Serving the Quantitative Finance Community

 
User avatar
Bon
Topic Author
Posts: 0
Joined: May 24th, 2006, 9:12 am

parallel programming for Matrix class

August 7th, 2007, 5:07 am

If I'm dealing with very large matrices, what kind of common operations that would reasonably implemented with parallel programming?In that regard, how does the performance of QR factorization compare to that of SVD in computing the inverse of a matrix?
 
User avatar
stali
Posts: 0
Joined: January 10th, 2006, 12:40 am

parallel programming for Matrix class

August 7th, 2007, 10:17 am

Just use ScaLAPACK. It is trivial to use and has routines for SVD as well as QR factorization. Btw what sort of a problem (in CF) gives you a extremely large dense matrix ? Just curious.Quotewhat kind of common operations that would reasonably implemented with parallel programming?BLAS operations (look here).Edit: Most vendors already provide ScaLAPACK libraries (for example Intel's MKL, Sun's S3L etc.). If there is none on your machine then you can install one yourself from source. It's really trivial.
Last edited by stali on August 6th, 2007, 10:00 pm, edited 1 time in total.
 
User avatar
dmaniyar
Posts: 0
Joined: October 16th, 2006, 9:34 pm

parallel programming for Matrix class

August 7th, 2007, 11:19 am

If you want a library which can do this with very good design and matlab like syntax, look into <a href="http://itpp.sourceforge.net/">IT++</a>. It uses BLAS, LAPACK, and ATLAS routines.
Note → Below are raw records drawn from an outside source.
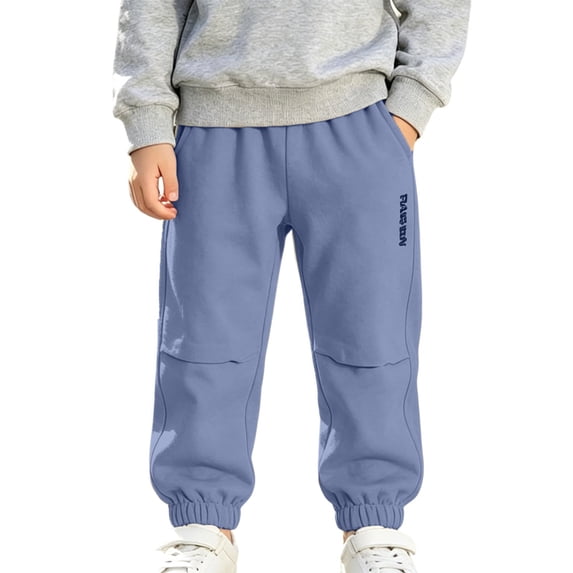 THJRPQJFD Toddler Boys Active Jogger Pants Pull-on Sweat Pants Kids Cotton Cute Baggy Sweatpants Casual Joggers School Jogging Bottoms with Pockets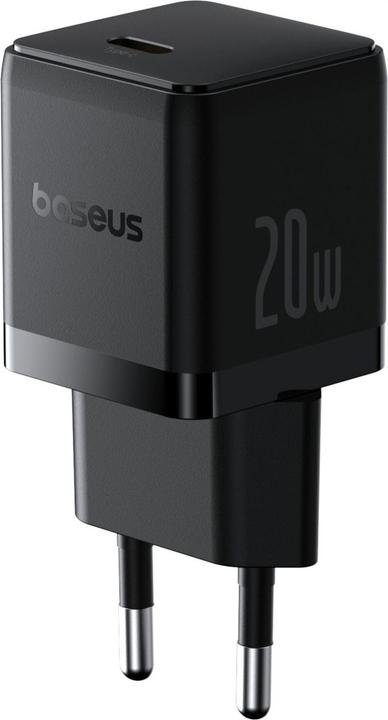 Productafbeelding Baseus - Wall Charger Palm (P10111602113-00) - Fast Charger, Type-C, PD 20W, 5V/3A - Cluster Black (20 W)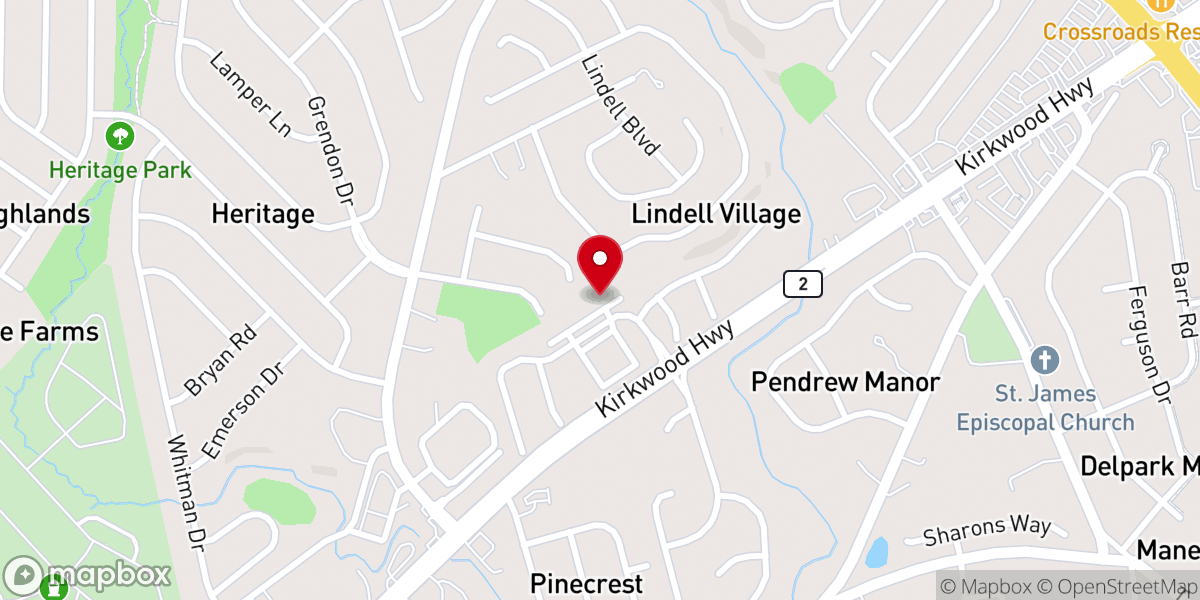 Map showing location of Christ Community Church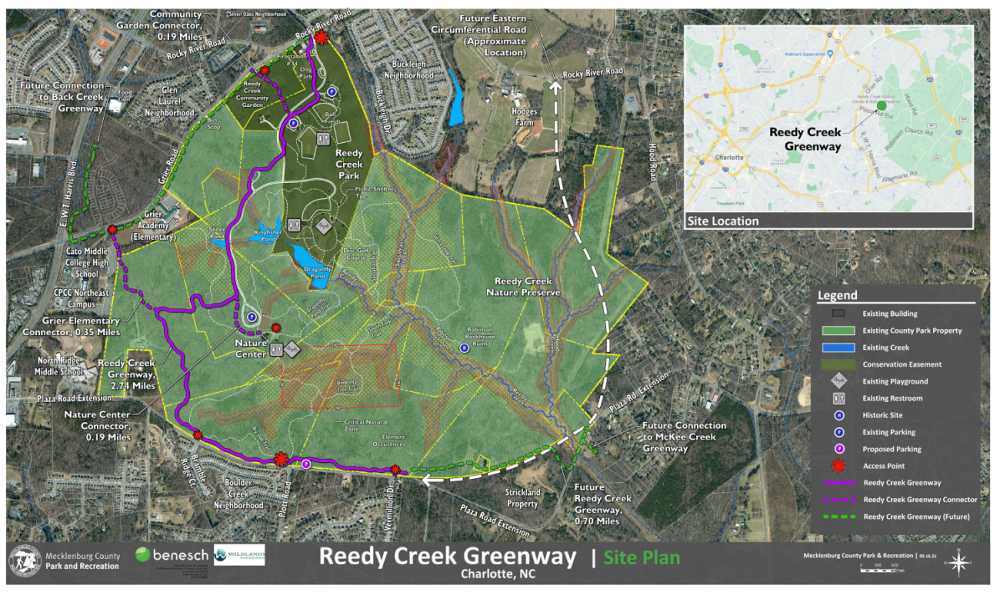 Reedy Creek Greenway alignment map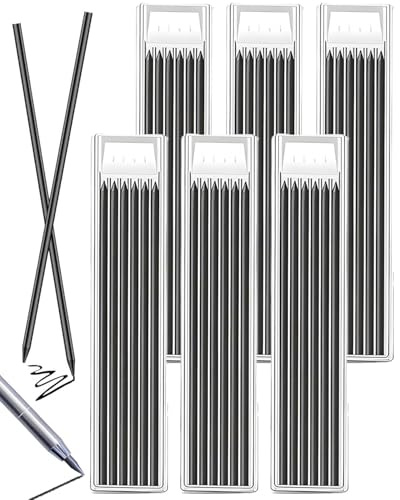 DAFNE Confezione da 36 mine per matita da falegnameria, mine di ricambio per matita da falegnameria da 2,8 mm, adatte per matite Pica Dry, mine di ricambio per matita, mine piene di ricambio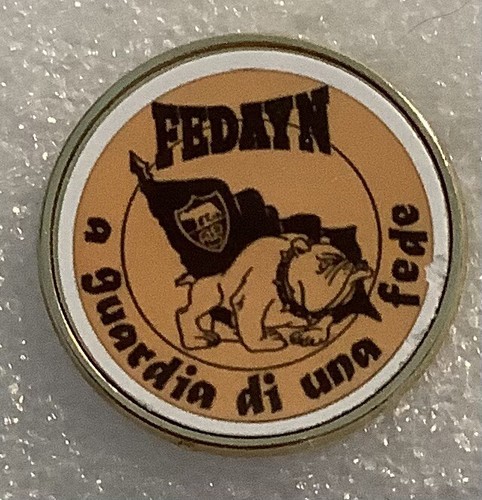 Roma ultras fedayn badge - roma,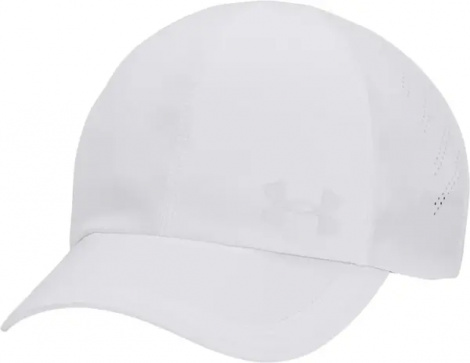 Кепка для бігу жіноча Under Armour ISO-CHILL LAUNCH ADJUSTABLE біла 1383478-100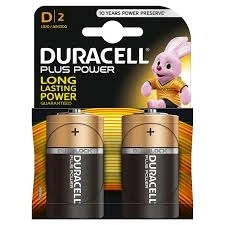 Duracell D 2pk Batteries - Plus Power - Each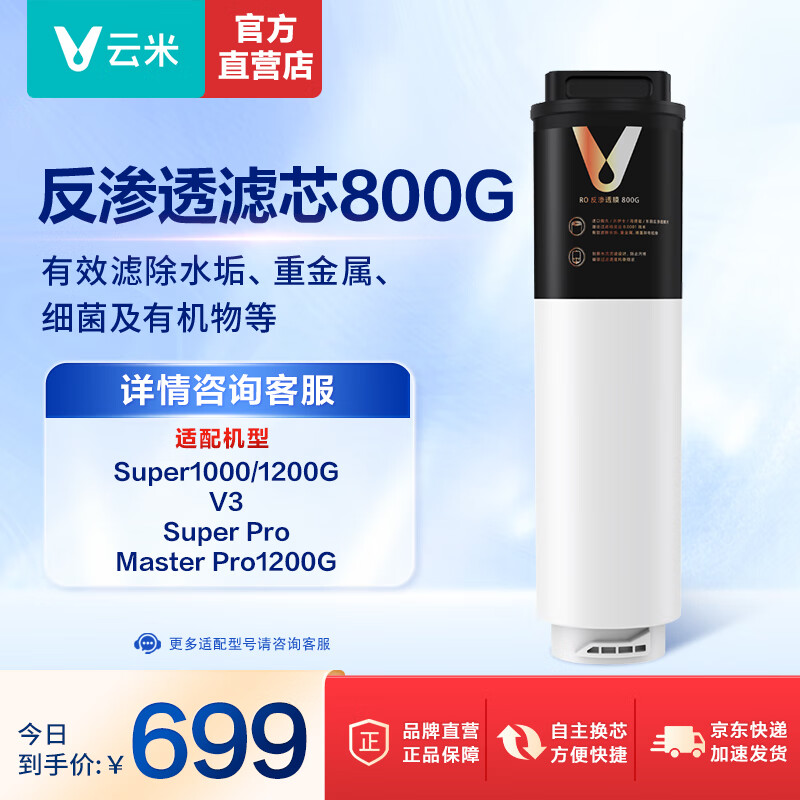���ף�VIOMI����о���侻ˮ��Super 1200G/Vision��ˮ��1200G/Super Pro 1200G/���Ⱦ�ˮ��?Master?Pro?1200G ����͸��о800G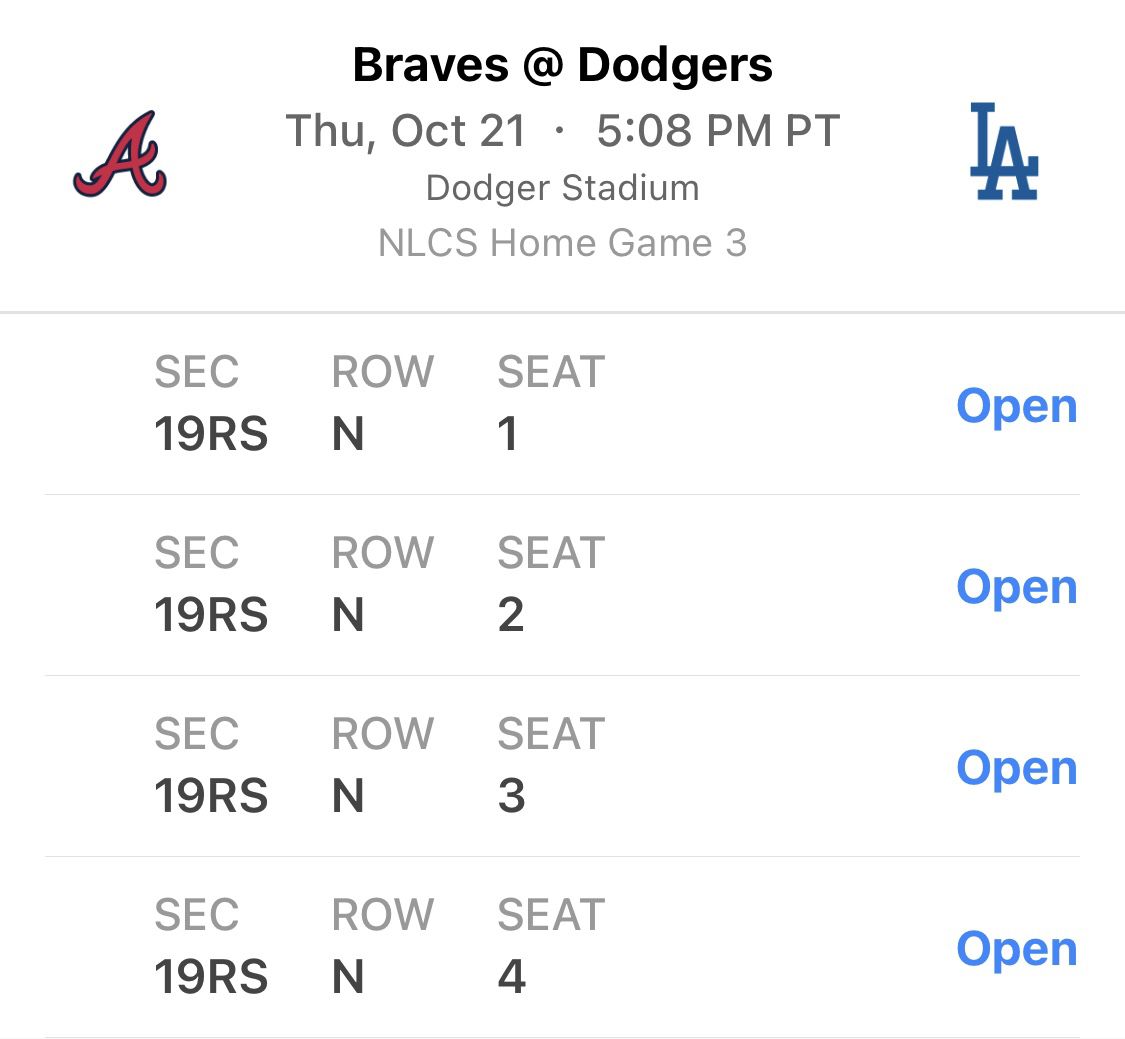 Dodgers vs Braves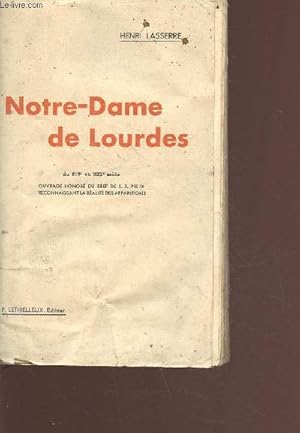 Seller image for Notre-Dame de Lourdes for sale by Le-Livre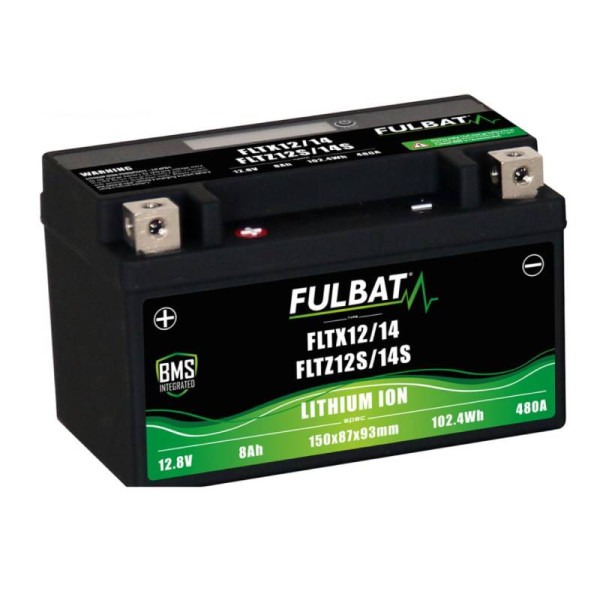 Akumulator FULBAT FUL LITHIUM - FLTX12/FLTX14-FLTZ12S/FLTZ14S / LTX12/LTX14-LTZ12S/LTZ14S (Litowo-żelazowo-fosforanowy)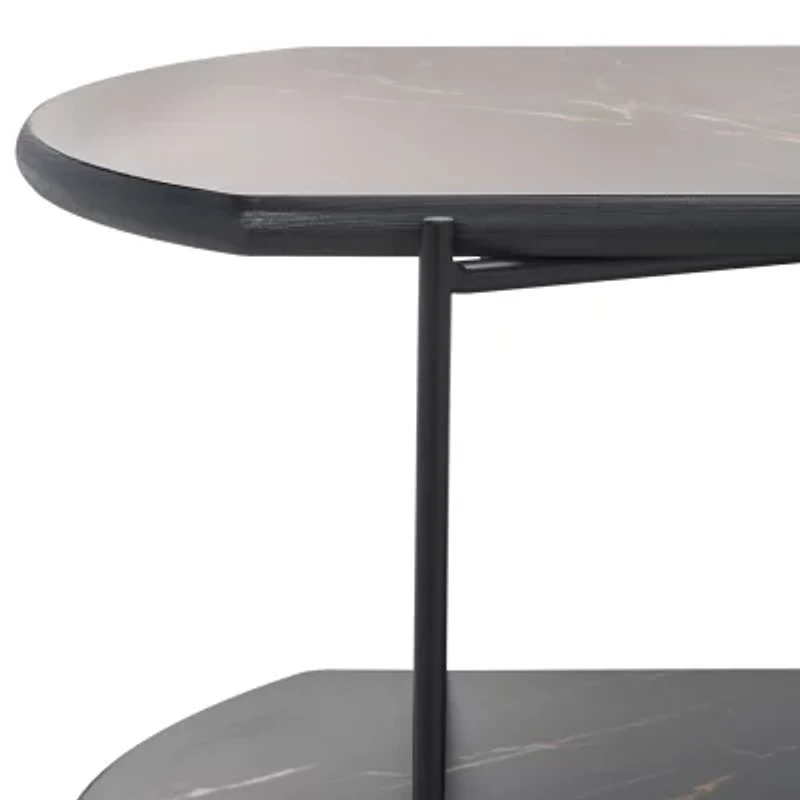 Marlee Storage Metal Coffee Table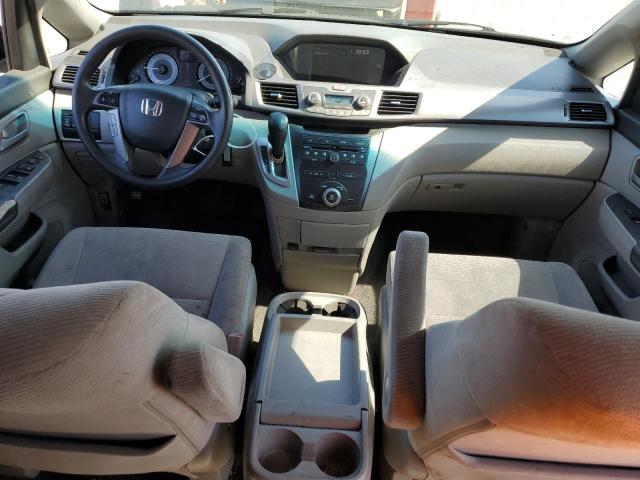 5FNRL5H44DB075651 - 2013 HONDA ODYSSEY EX BLUE photo 8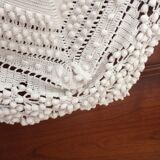 Ancien couvre lit crochet fait main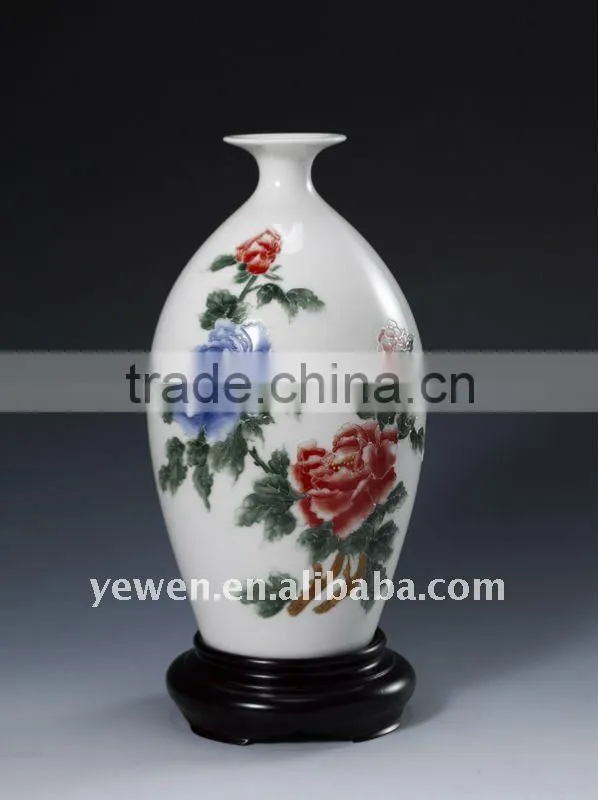 colored emamel vase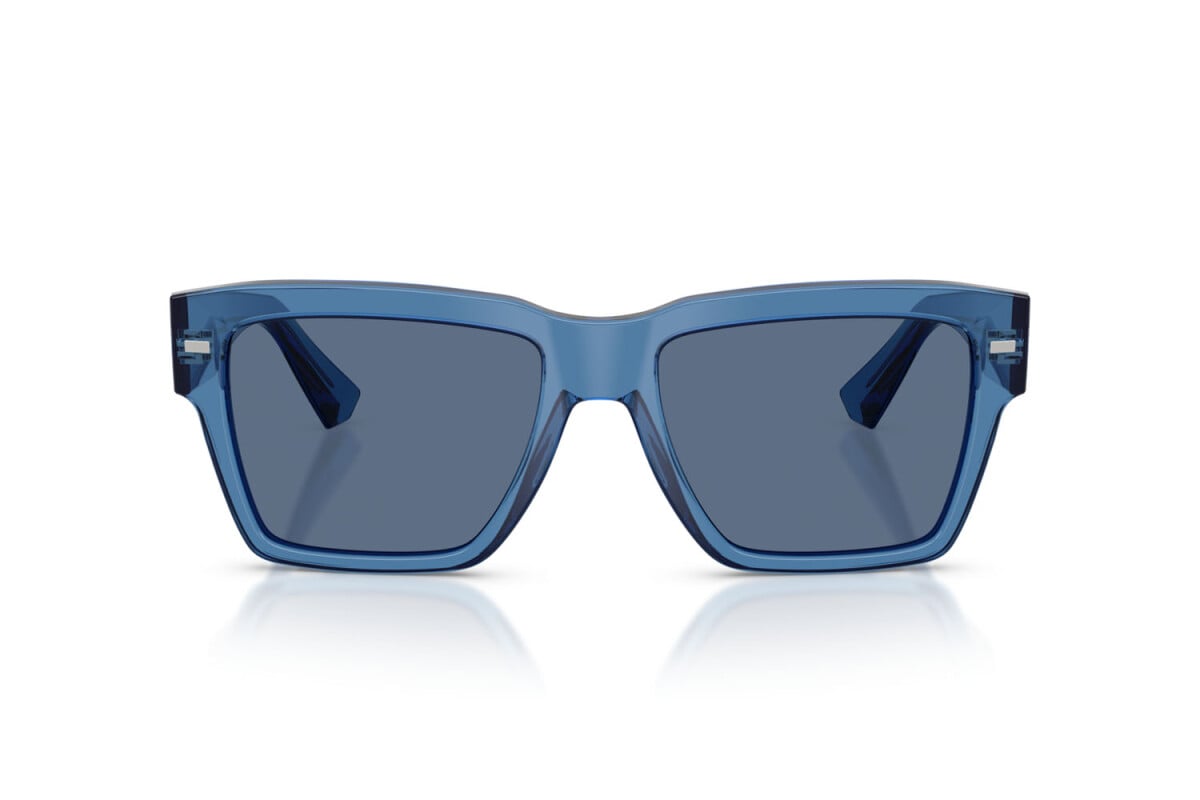 DOLCE & GABBANA - 339880 BLU TRASPARENTE | OCCHIALE DA SOLE UOMO - DG 4431 CALIBRO 55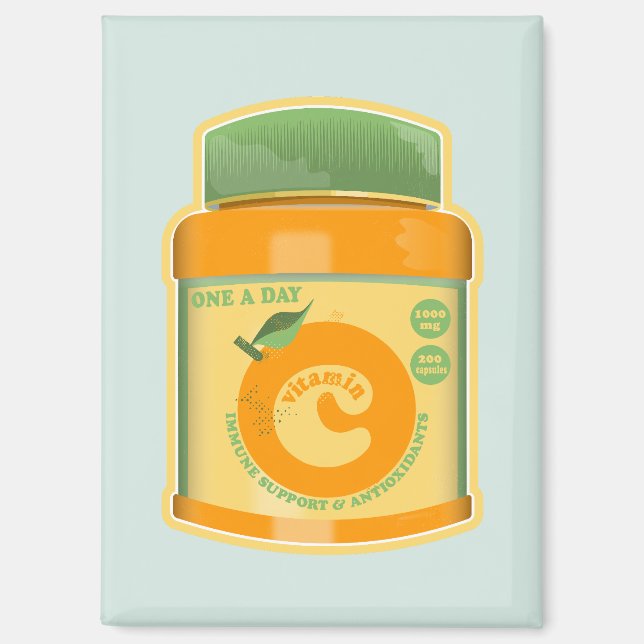 Vitamin C Wellness Magnet (Vorderseite)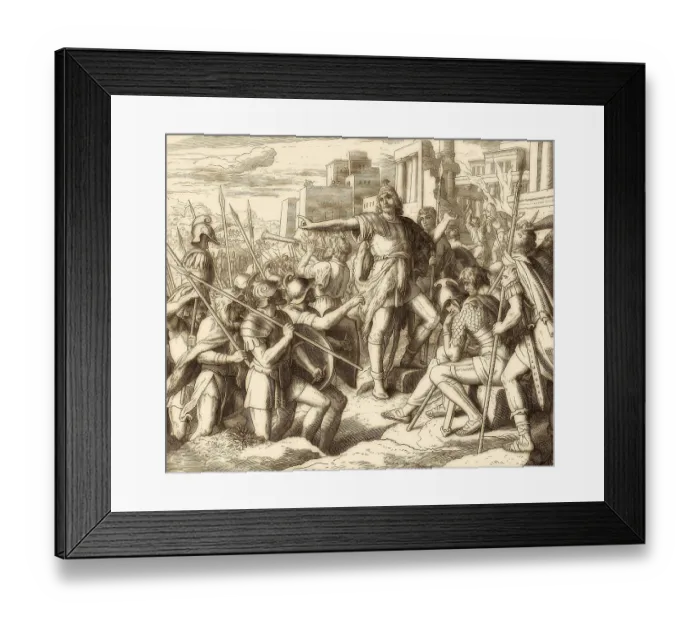 Framed Print : Judas Maccabee, Old Testament, by Julius Schnorr von Carolsfeld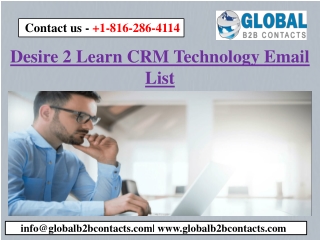 Desire 2 Learn CRM Technology Email List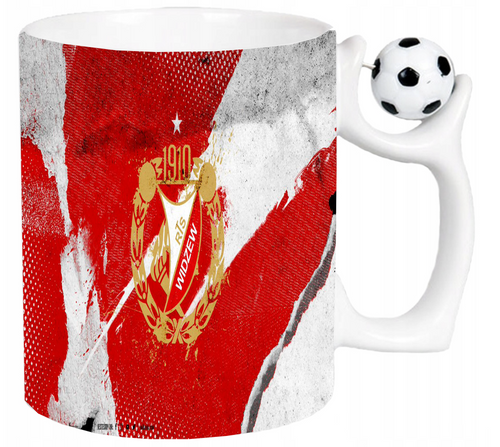 Kubek z piłką dla Fana Widzew Łódź na Arena.pl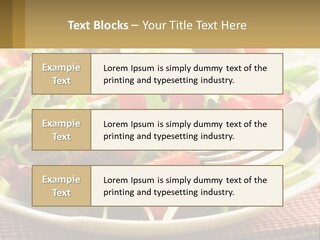 A Salad With Tomatoes And Lettuce On A Plate With A Fork PowerPoint Template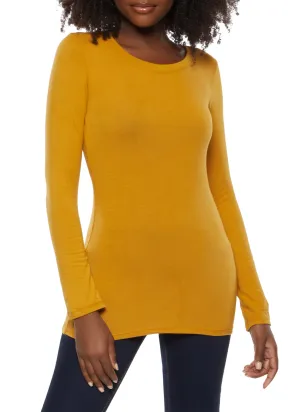 BreathableMeshLining Solid Long Sleeve Tee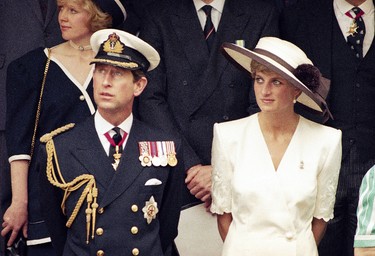 This 1991 file photo shows Prince Charles with his then-wife Princess Diana.  (AP Photo, File)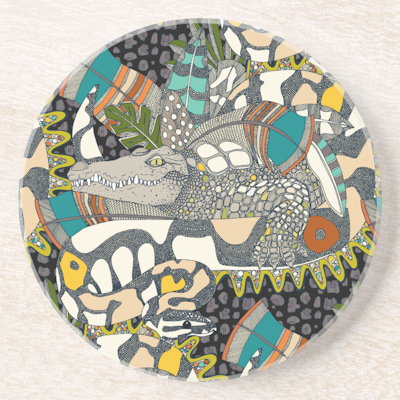 animalier pop zazzle coaster sharon turner scrummy scrummylicious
Though the PP part is still not that matured.
 
User avatar
stali
Posts: 0
Joined: January 10th, 2006, 12:40 am

parallel programming for Matrix class

August 8th, 2007, 12:01 am

I just wanted to make a quick note (which you probably know) that ScaLAPACK is best used with a distributed memory machine. If you want parallelism on a shared memory machine (dual/quad core/proc etc.) then all you need to do is simply use the vendor supplied LAPACK (eg Intel's MKL) and set the OMP_NUM_THREADS variable to 2 or more before running the code. The multi-threaded BLAS 3 will automatically parallelize parts of it.Attached is a toy example (in Fortran) which I just ran on a quad proc machine and here are the results (for a matrix of size N=2500; double precision) ...with OMP_NUM_THREADS = 1SVD Time= 380.650000000000with OMP_NUM_THREADS = 4SVD Time= 181.630000000000Please note that other people were logged on to the machine so the speedup might be skewed.